→ **Work request**:
In the records below, find the line containing "Ưu điểm nổi bật của Dưỡng mi", then copy that line and all lines after it, exactly, omitting every picture.

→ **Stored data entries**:
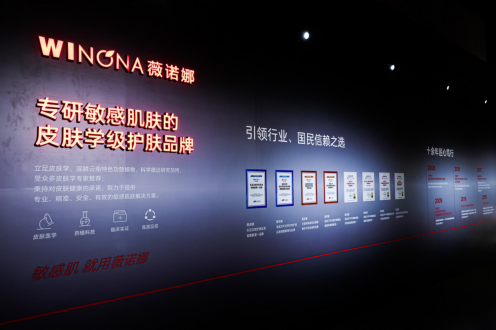 QQ20260507-141859.png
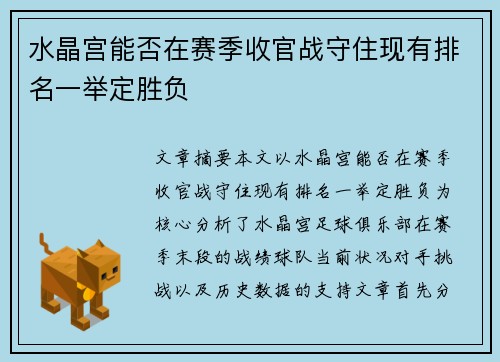 水晶宫能否在赛季收官战守住现有排名一举定胜负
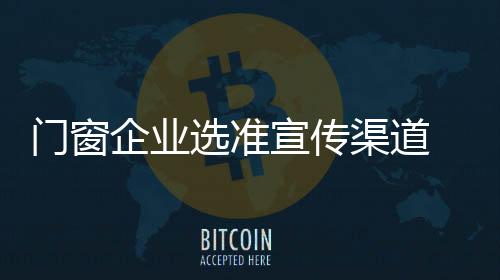 你问问周围的门窗人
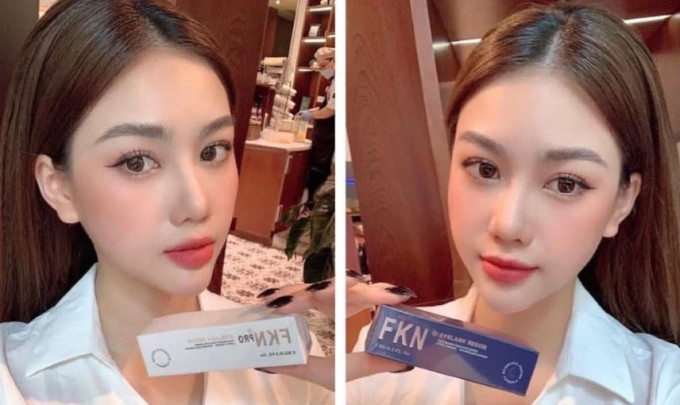 Ưu điểm nổi bật của Dưỡng mi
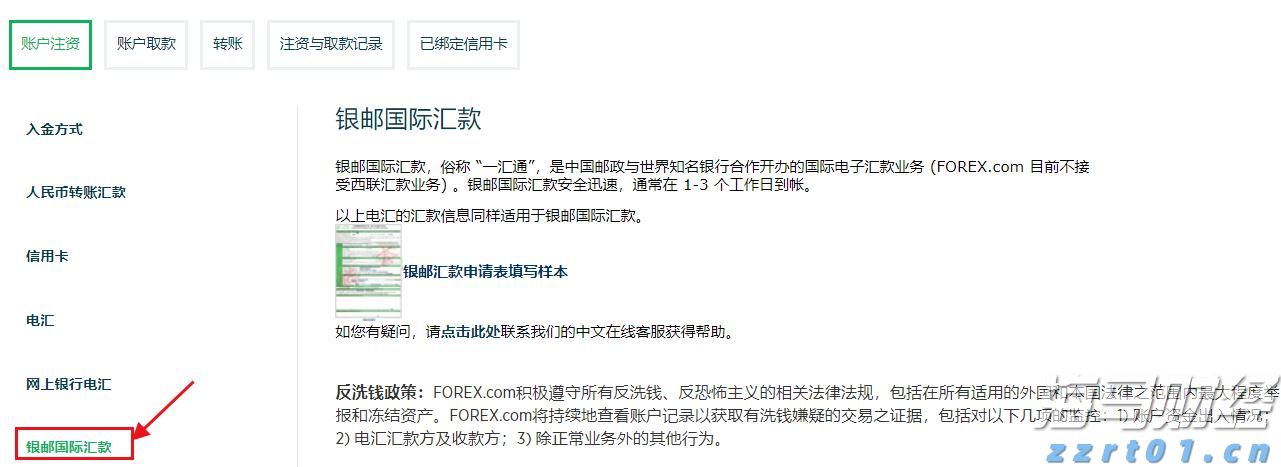 瑞银：2025年第二季度公募基金港股持仓上升至18.8% 还将继续南下！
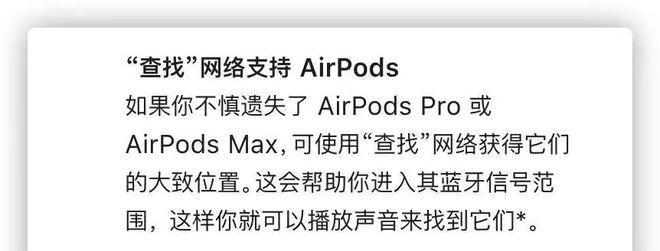 解决AirPods无声问题的有效方法（如何调试和修复AirPods无声问题）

→ **Response below**:
 Ưu điểm nổi bật của Dưỡng mi
 瑞银：2025年第二季度公募基金港股持仓上升至18.8% 还将继续南下！
 解决AirPods无声问题的有效方法（如何调试和修复AirPods无声问题）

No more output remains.